Deze burgerwoning in eclectische stijl vormt door formaat en verzorgd uitgewerkte gevel, een visitekaartje voor de plaatselijke aannemer Lauwaert, die zich kort na het openen van de Transvaalstraat, hier kwam vestigen. De stijl van het pand sluit aan bij het straatbeeld, waarin veel fantasierijke gevels aanwezig zijn met kleurrijke bakstenen parementen waarin vaak elementen uit de cottagestijl zijn verwerkt.
De woning telt drie traveeën en twee bouwlagen onder een leien zadeldak, dat met de nok haaks op de straat staat. Rechts tegen de woning, een lagere poorttravee met de doorgang naar de binnenplaats met werkhuis. Deze poorttravee werd in 1896 één bouwlaag hoog getekend, maar in 1905 met een bouwlaag opgetrokken. Woning en poorttravee zijn met een puntgevel beëindigd, waarbij de woning met het houten windbord een typisch cottagestijlelement kreeg, en de poorttravee bekroond is met een getrapte, met topornamenten versierde neo-Vlaamse-renaissancegeveltop.
Kleurrijke gevel, met blauwe hardsteen voor de plint en de kordonlijst, witte natuurstenen voor speklagen en decoratie van de muuropeningen en zwarte baksteen voor sierbanden en rollagen boven de muuropeningen. Het veelvuldige gebruik van hout is een invloed uit de cottagestijl: niet enkel het grote windbord in de geveltop, ook de balkons op de verdiepingen zijn in hout uitgevoerd. Op de twee eerste bouwlagen zitten segmentbogige muuropeningen met kleurrijk versierde waterlijsten, geaccentueerd door natuurstenen hoek- en sluitstenen. Nadruk op de geveltoppen: in de woning twee gekoppelde rondboogvensters met natuurstenen tussenzuil en wimberg, in groot rondboogveld en geflankeerd door twee smalle zoldervensters. In de top van de poorttravee, een oculus. In de zijgevel van de woning zit op de verdieping een bakstenen hoektoren ingewerkt, bekroond door een leien spits. Windbord en spits waren oorspronkelijke bekroond met smeedijzeren topstukken, die niet meer aanwezig zijn. Het schrijnwerk van de poort, van de deur en van de meeste vensters is origineel. Enkel het raam boven de voordeur is vervangen.

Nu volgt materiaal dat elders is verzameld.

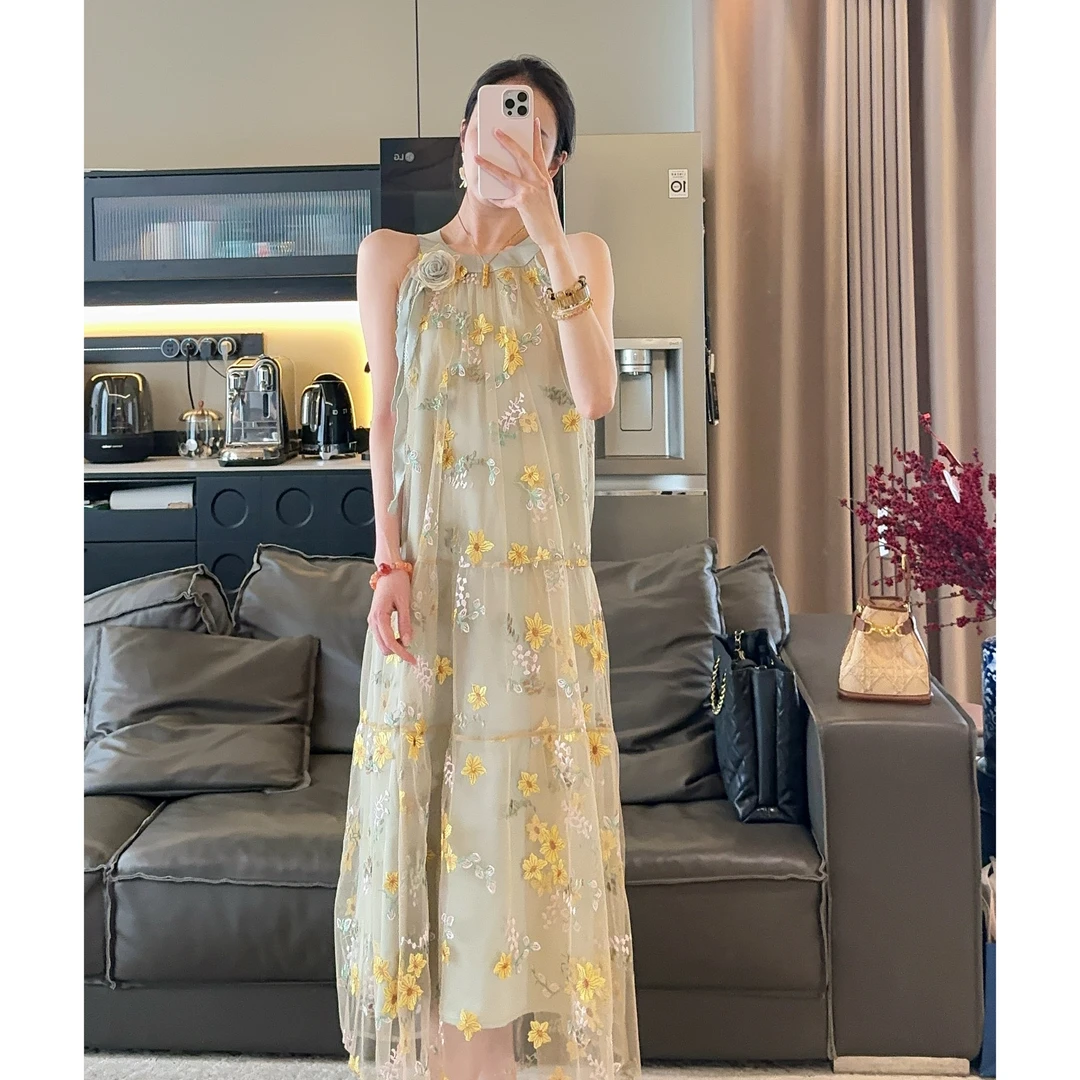 Zwinnie/詹维尼【一见倾心】重工精致高级感夏季连衣裙 GHH202518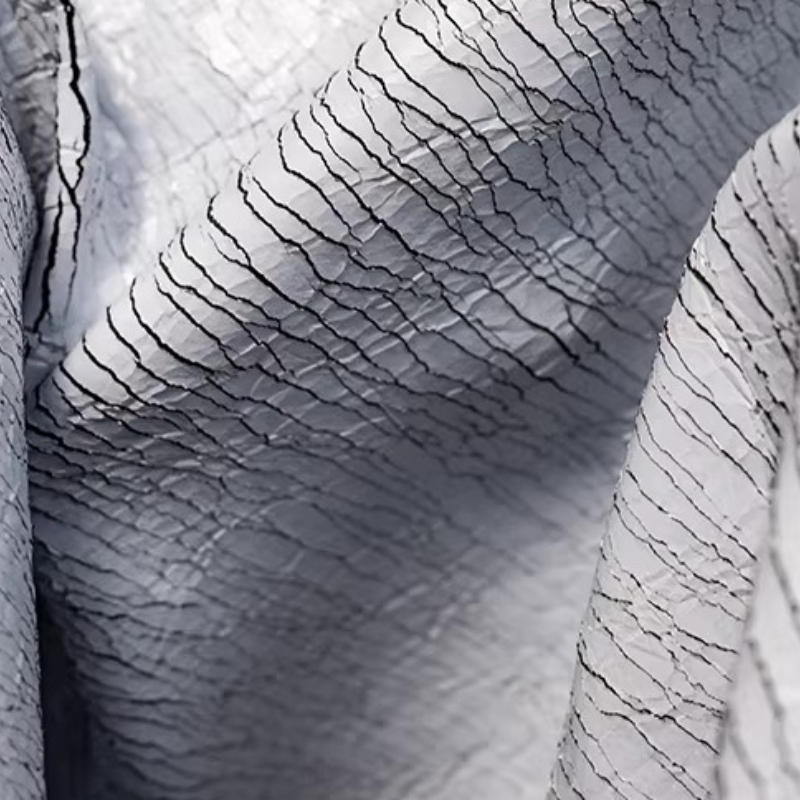 Grey Retro Cracked Leather Tex - Is Sewing Textile Art recension och pris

Achterin het perceel werd een werkhuis voor de aannemer gebouwd, een volume dat nog steeds aanwezig is. Het gaat om een baksteenbouw van twee bouwlagen en drie traveeën, onder een pannen zadeldak. De tuingevel kreeg een rood bakstenen puntgevel met witte natuurstenen speklagen. Brede segmentbogige muuropeningen, oorspronkelijk voorzien van kleine houten roedeverdeling. Twee deurvensters op de begane grond, een laaddeur in de geveltop.
- Stadsarchief Antwerpen, Bouwdossiers, 1896 # 1745, 1905 # 81.
- S.N. 2013: Herwaarderingsplan Zurenborg, deel II: Inventaris, 133.